Task data: Begin
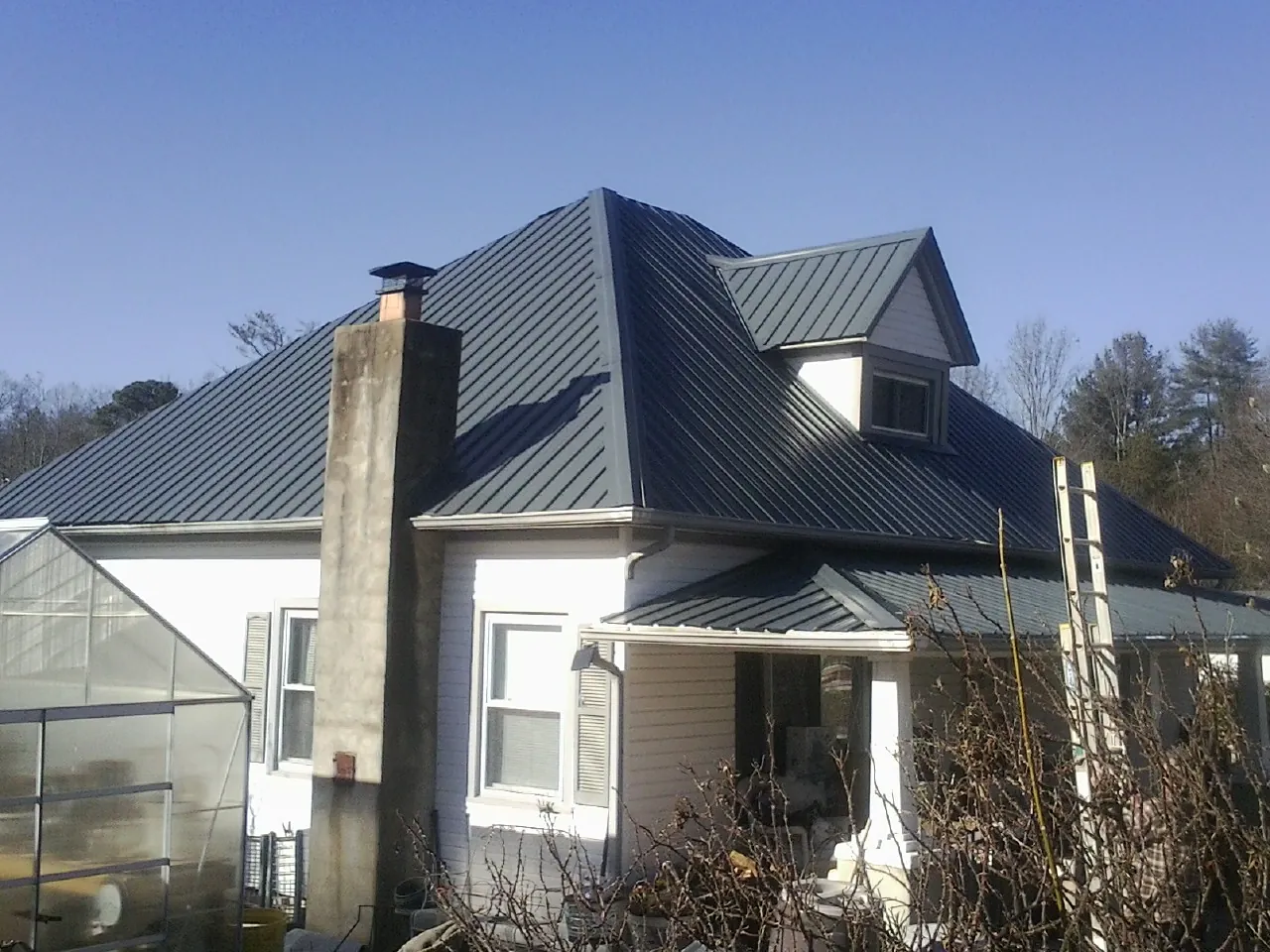 Dark blue standing seam metal roof on a white farmhouse with dormer — Slate & Tile Roof Repair by Roofing Brothers in Woodberry Forest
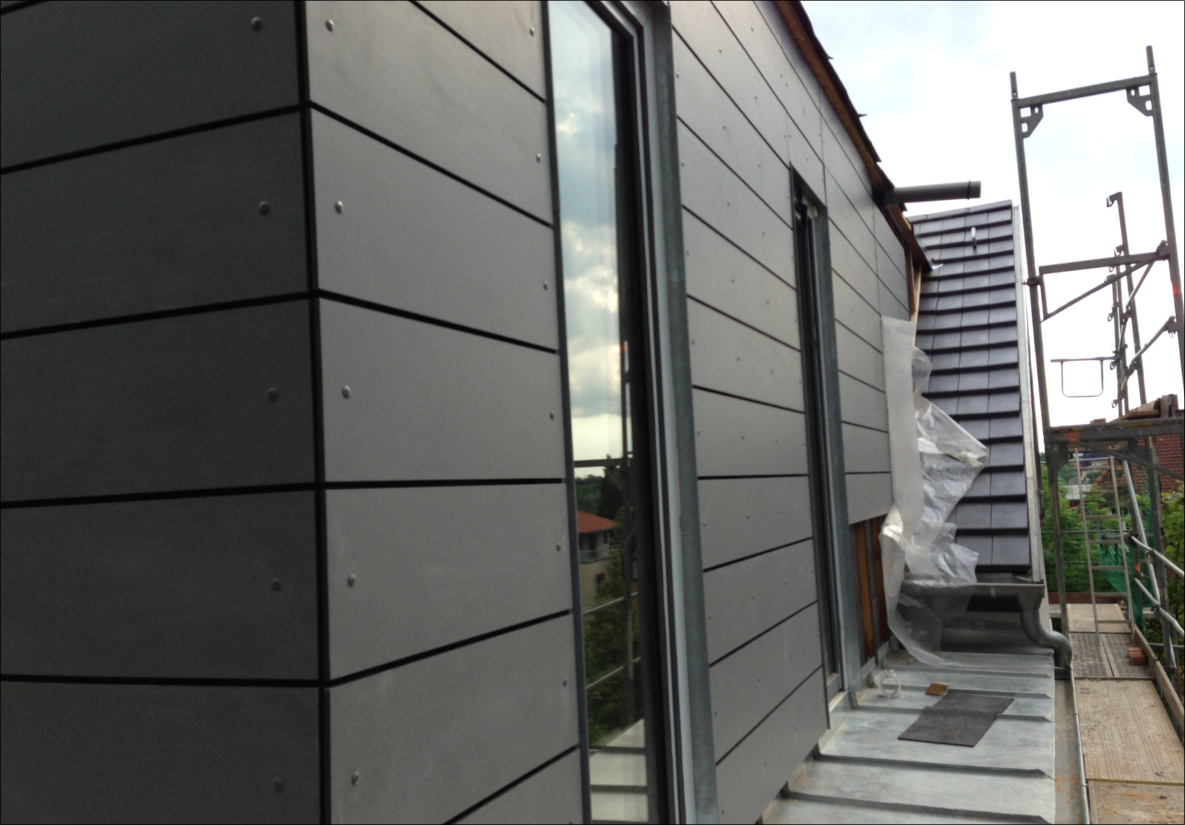 Fassade mit grauen Verkleidungselementen und schrägem Dachabschluss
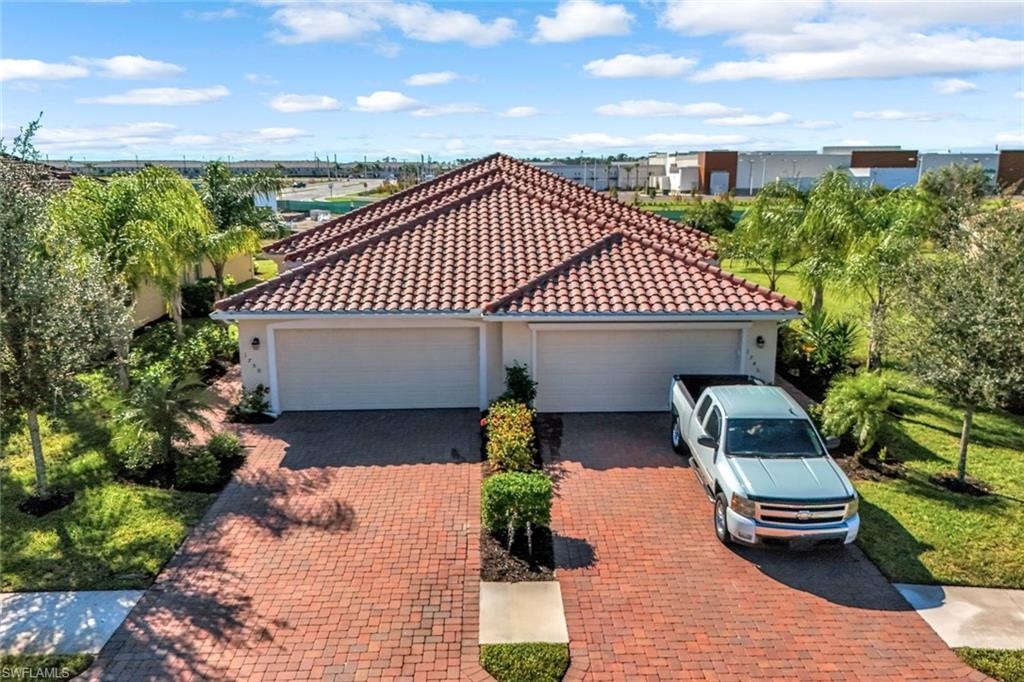 1750 Alameda Drive Naples, FL 34120 - Photo 3 of 39 a front view of a house with garden
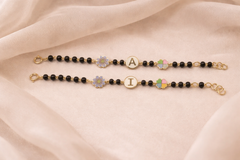 Personalised Black Bead Kids Bracelet with Initial & Floral Charms 4.10 Grams a Pair , 18KT Gold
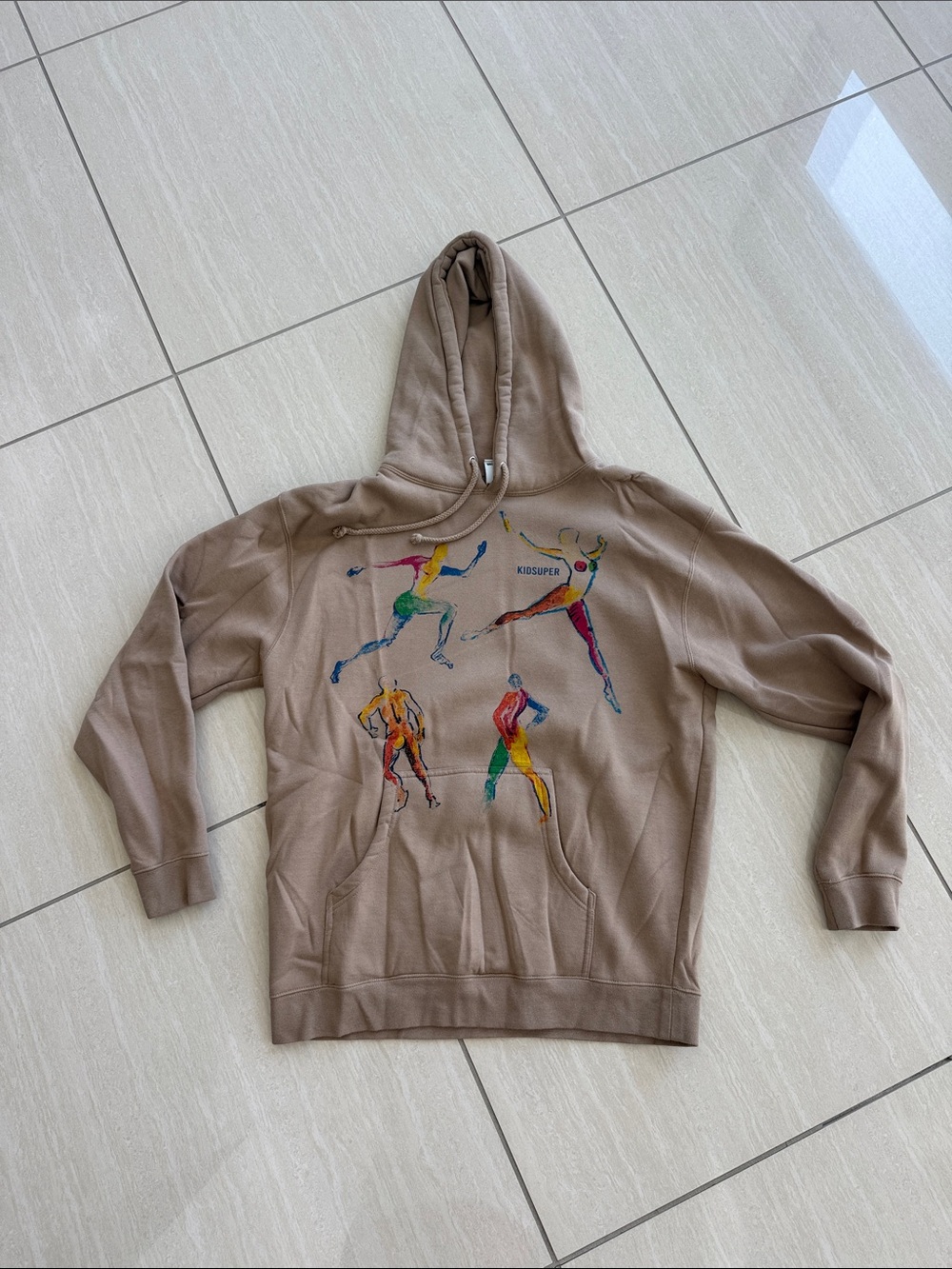 KidSuper Brown Graphic Hoodie with Multicolor Dance Print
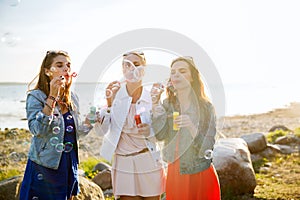 Young women or girls blowing bubbles on beach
Task data: End
In the copy, no pictures should appear; the records themselves must be repeated exactly.

Response to this exercise:
 Dark blue standing seam metal roof on a white farmhouse with dormer — Slate & Tile Roof Repair by Roofing Brothers in Woodberry Forest
 Fassade mit grauen Verkleidungselementen und schrägem Dachabschluss
 1750 Alameda Drive Naples, FL 34120 - Photo 3 of 39 a front view of a house with garden
 Personalised Black Bead Kids Bracelet with Initial & Floral Charms 4.10 Grams a Pair , 18KT Gold
 KidSuper Brown Graphic Hoodie with Multicolor Dance Print
 Young women or girls blowing bubbles on beach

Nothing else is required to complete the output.